Fed Slams Dollar With Interest Rate Promise
On Wednesday, the Federal Reserve did something historic: they released guidance.
In the Fed's January statement, the FOMC kept rates at 0.25%—a move that was widely anticipated. In August of 2011, the Fed announced that it would keep rates near zero until mid 2013. The Fed revised that on Wednesday, pushing the date out until 2014.
Yet, what may have been more interesting to investors was the Fed's guidance for future policy.
The Fed revised its outlook for future US growth lower, dropping its expectations for GDP growth to 2.8-3.2%. The Fed had seen growth of 3-3.5% previously.

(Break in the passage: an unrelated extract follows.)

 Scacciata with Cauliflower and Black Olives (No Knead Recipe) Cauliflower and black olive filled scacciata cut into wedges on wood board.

The Fed forecast the inflation rate at 1.5-2% for 2012.
For employment, the Fed believed that the jobless rate would come down, although at a slower pace. The Fed expected unemployment to decline to 6.7-7.6% in 2014.
In his subsequent press conference, Chairman Ben Bernanke stated that, while unemployment targeting was largely impossible, the Fed could get a sense for what the natural rate of unemployment was, and could then use policy to go from there. Bernanke stated that the current rate of unemployment was unnaturally high and that there remained room for the Fed to continue to address the problem of unemployment.

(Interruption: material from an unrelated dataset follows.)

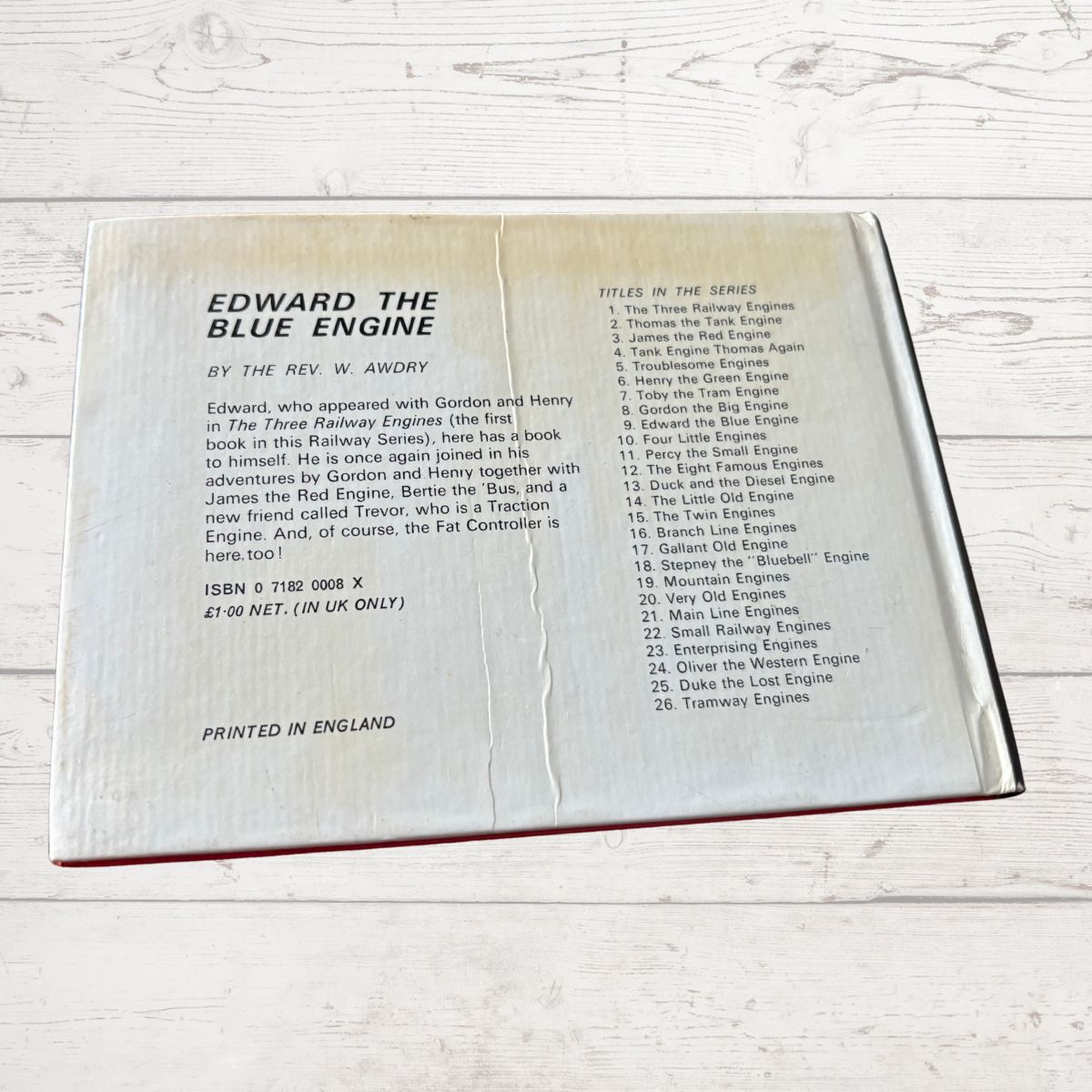 Open book showing text about 'Edward the Blue Engine' by W. Awdry on a wooden surface.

The markets reacted positively to the Fed's statement, as US equity markets moved much higher. US equities had been trading in the red during the early part of the session, but reversed and moved into positive territory after the Fed released its statement.
Precious metals reacted most strongly, as gold broke back above $1700 an ounce and silver rallied above $33.
The US dollar index also reversed course, selling off hard and dropping below the key $80 level.
PIMCO's Bill Gross—the man who runs the world's largest bond fund—stated that the move was particularly dovish, and that it amounted to a "QE 2.5." He later tweeted that QE 3, 4, and 5 would be forthcoming as the Fed continued to squeeze savers around the country.